Acadia 4
October 14th, 2006OK….before you all get ready to toss me in the cyber-wastebasket, I’ll share a few (ok…it got to be more than a few….) more photos from the ride, then switch back to something quilty, I think….. Here is a blue heron walking behind a beaver lodge!
We went down to the shore near the tent again and Paul and the boys found many, many starfish like this one (on Paul’s hand):
And Eli found the itty-bittiest starfish (or, to be more PC, “Seastar”) I’ve ever seen….yes, that little bitty thing on the tip of his not-so-very-big 8 year old fingertip is a seastar:
On the way to the tent I took a picture of this calcified kelp on top of a rock. No, I have no idea why I love the way it looks, I just do:
And no Maine series of pictures is good without rocks…I love the jaggedness combined with regularity in this heap pushing up out of the earth:
and then there was this cloud hovering over the horizon to the south that looked like a pteranosaur (for those who don’t have young sons into dinosaurs, those were the huge flying dinosaurs):
We had our last fire that night and used the last bit of wood we had with us…next time I’ll bring the tripod!

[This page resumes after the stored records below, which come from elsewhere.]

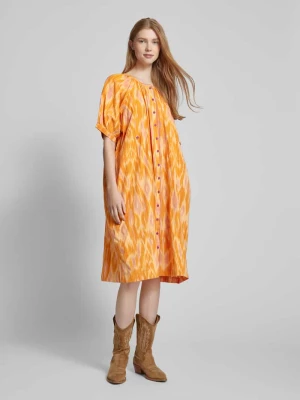 Sukienka o długości do kolan z listwą guzikową model ‘DALI’ Oilily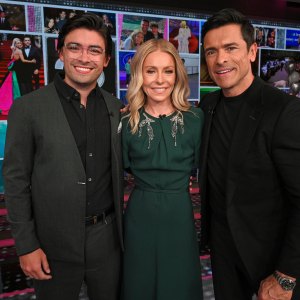 Kelly-Ripa-and-Mark-Consuelos-With-Michael-181168_LB3_9169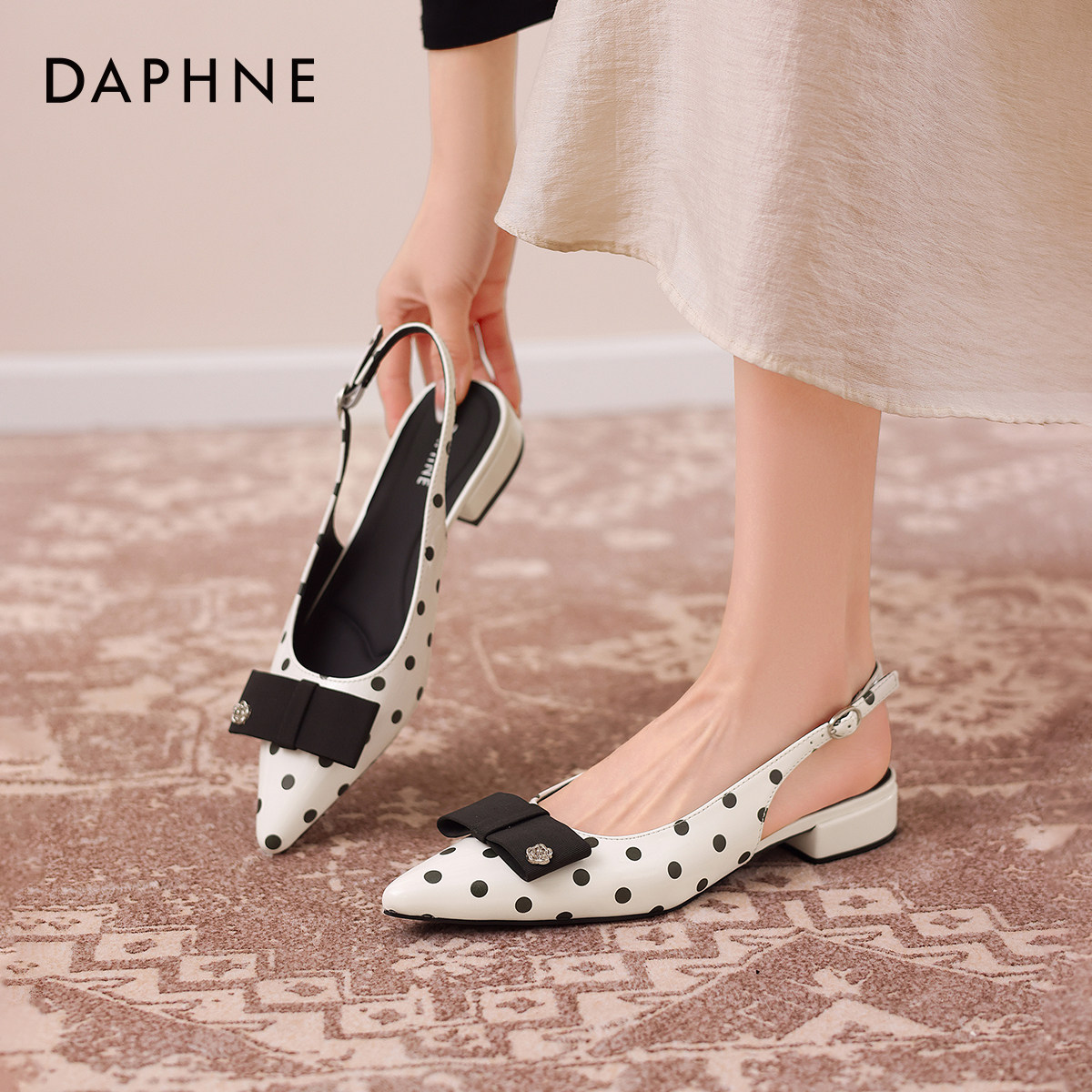 达芙妮尖头波点凉鞋女2026夏季新款法式玛丽珍女鞋配裙子绝美单鞋,女鞋,时装凉鞋,淘宝优惠券,粉丝福利购,淘宝优惠卷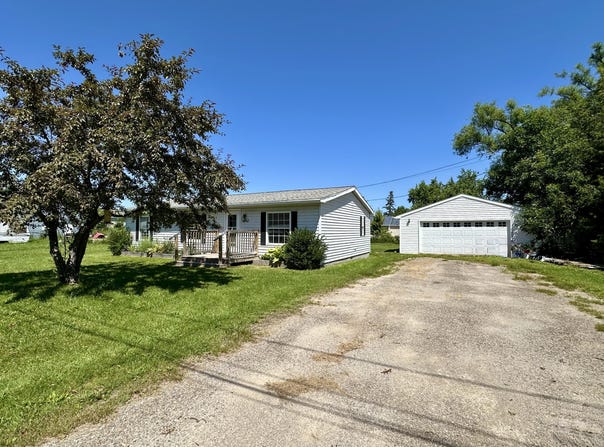1030 RANDOLPH STREET, CHEBOYGAN, MI 49721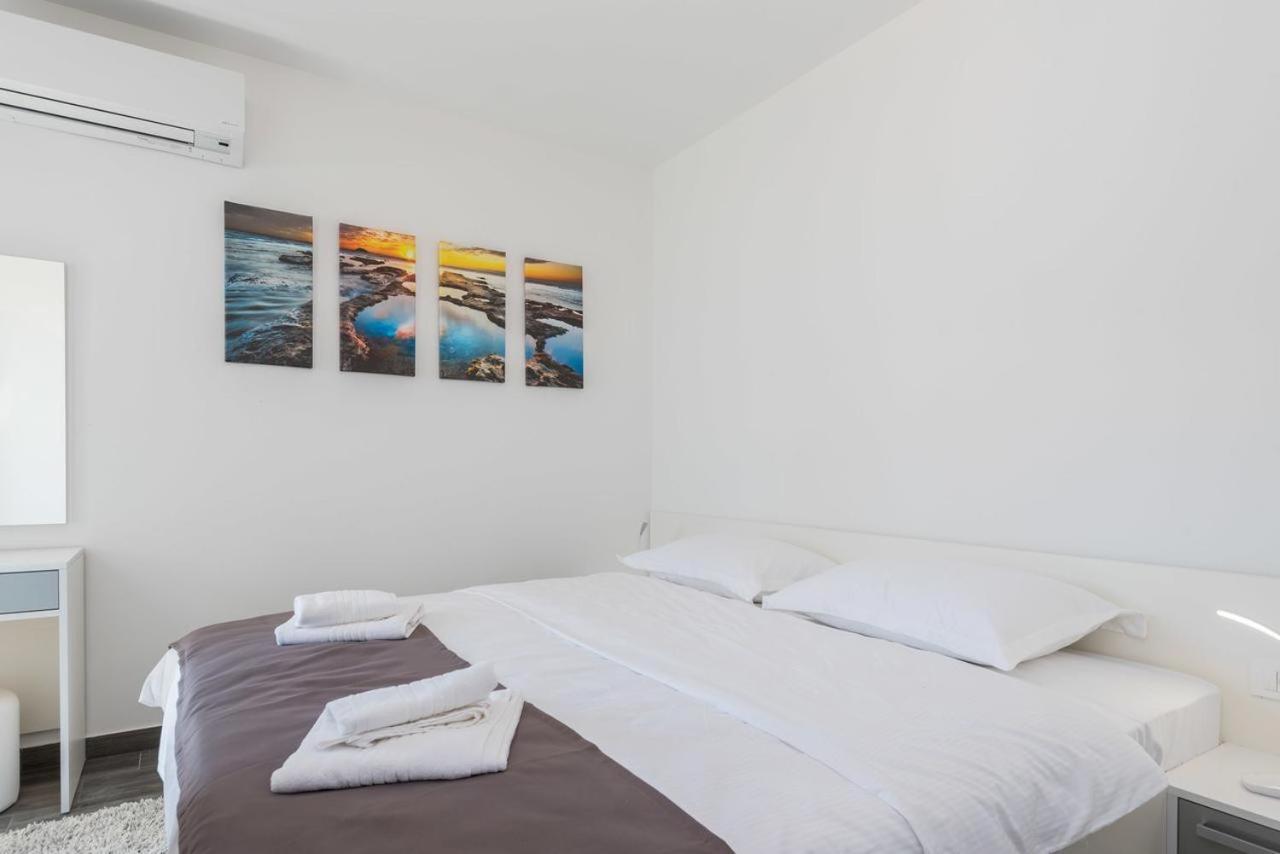 סרסר Apartments Poseidon מראה חיצוני תמונה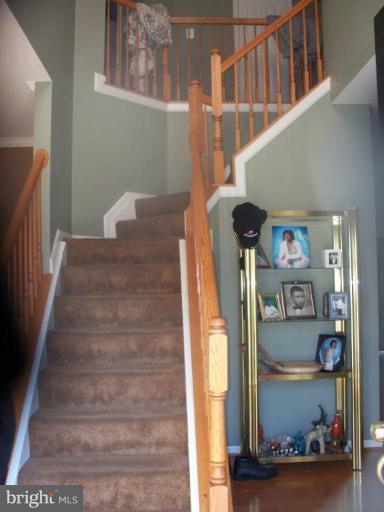 10312 Thrift Road Clinton, MD 20735 - Photo 4 of 10 Entrance / Foyer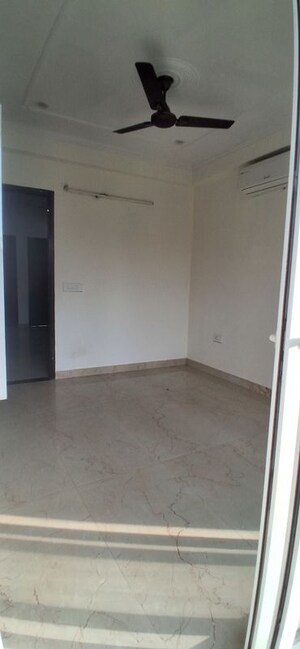 Furnished Amenities in 3 BHK Builder Floor at Sector 57 – for Rent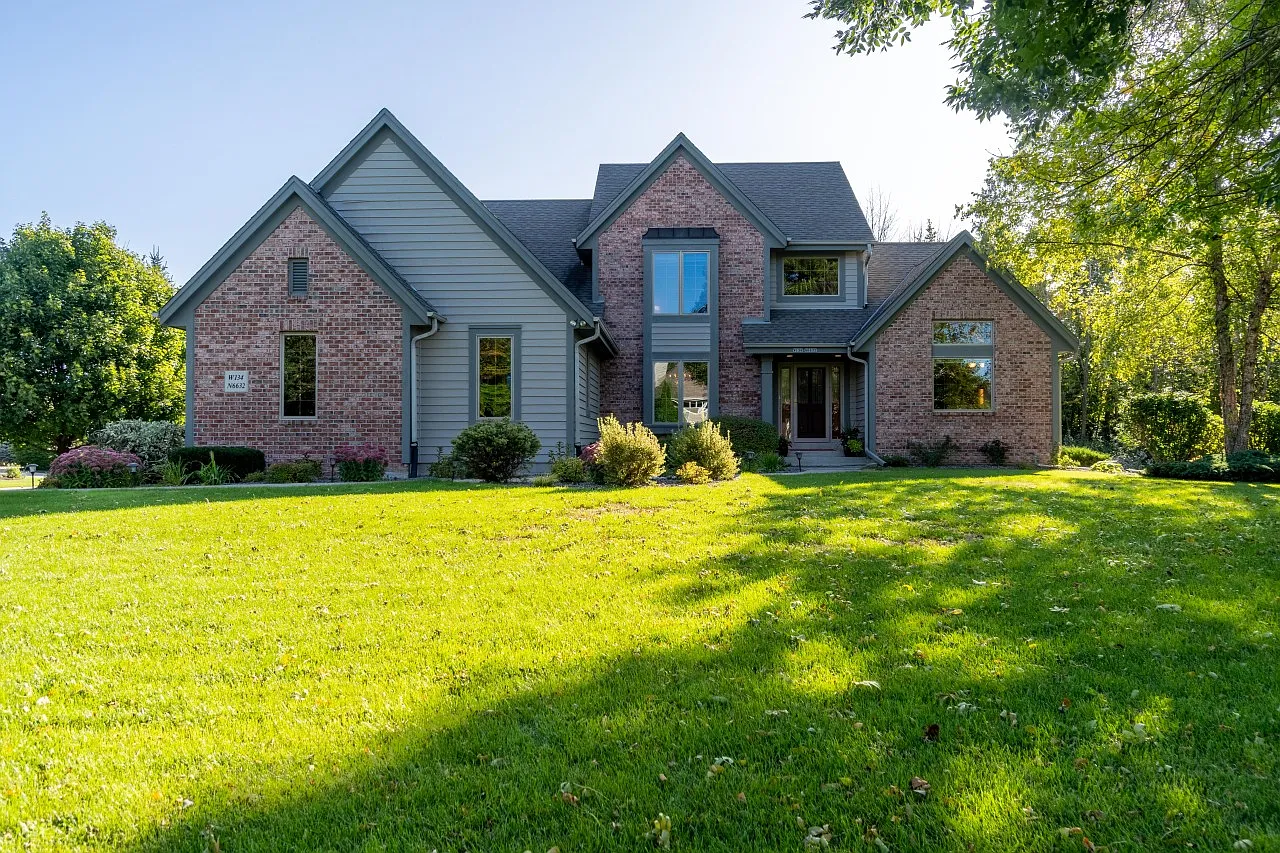 W134N6632 Lilly Creek Dr photo 1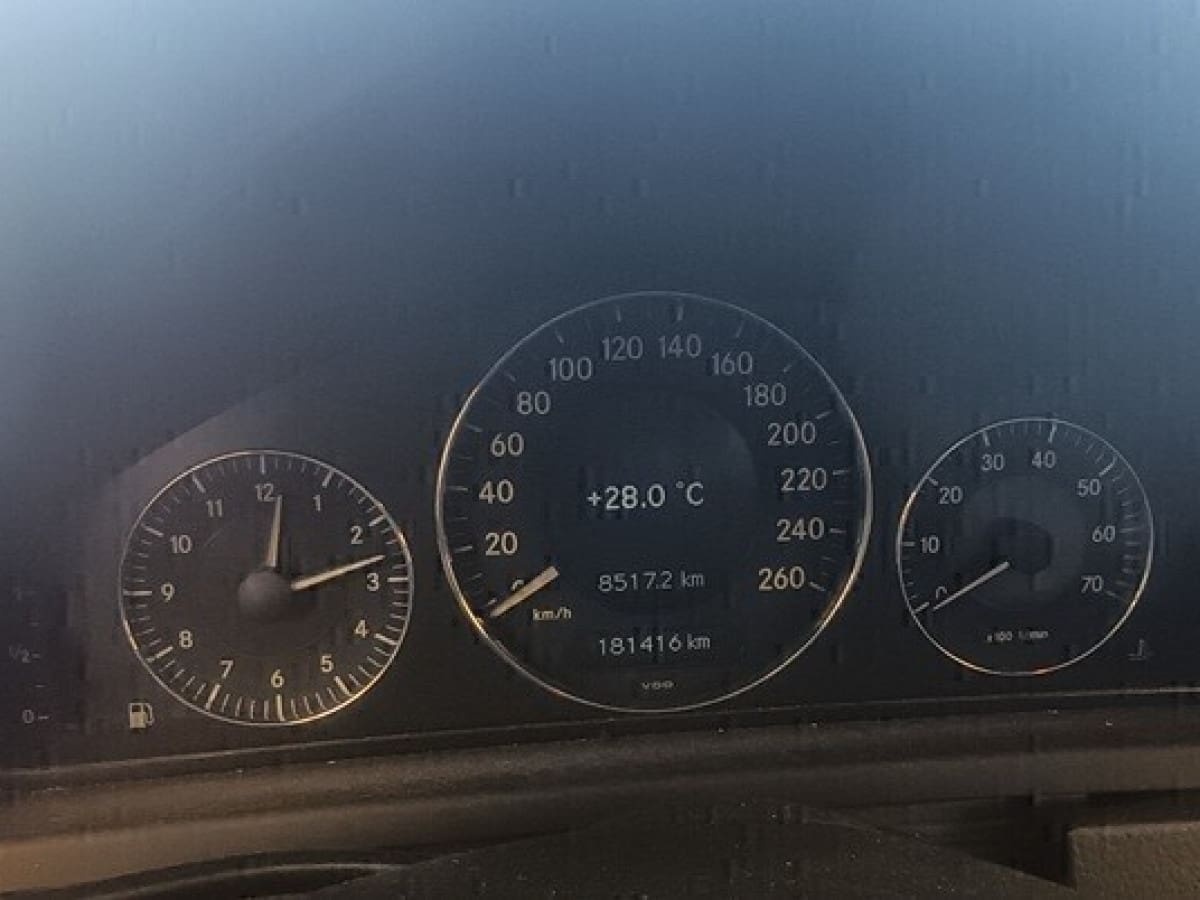 MERCEDES Classe CLK (C/A209) 6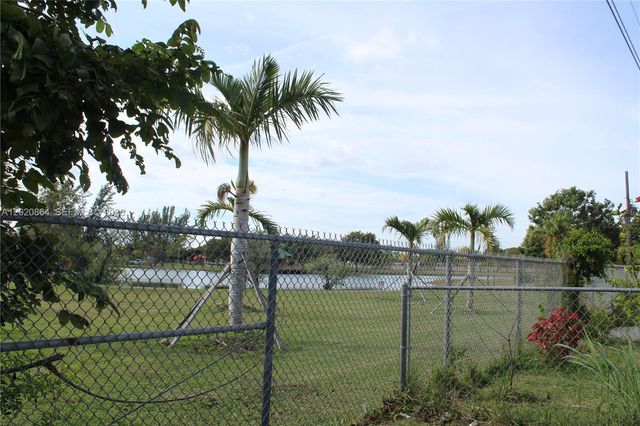 496 SW 9th Ave, Florida City, FL 33034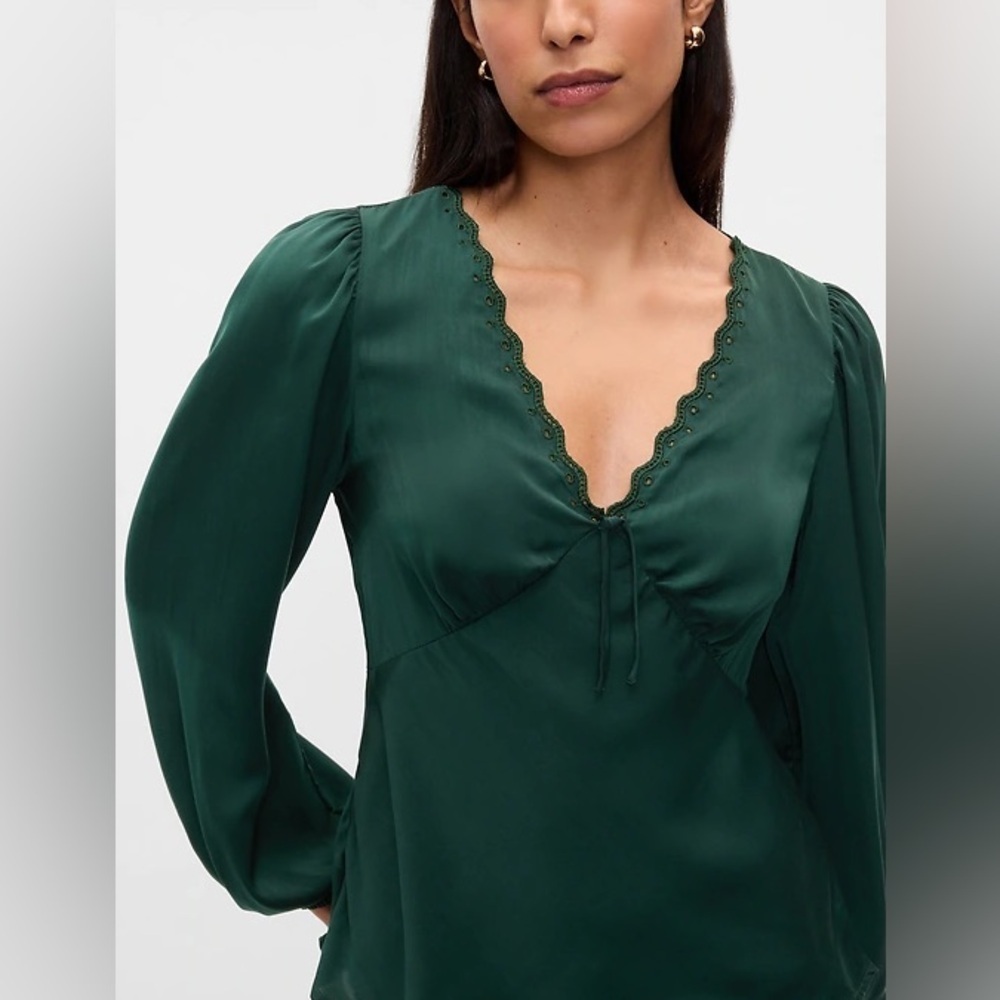 NWT Gap Womens XL Tall Dark Green Satin Empire Blouse Top V neck New Career work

On Monday, before heading home to meet the chimney cleaners, we drove up to the top of Cadillac Mountain. It is not only the highest point on Mount Desert Island, but apparently the highest point on the Eastern seaboard. Here is a shot looking towards the mainland:
And here I LOVE the grooves left by the moving glaciers that carved out the rivers, peninsulas and bays of coastal Maine:
And a final, quintessentially Maine shot….of the lichen on the rocks, the berries waiting for winter, and the “barrens” of the high hills.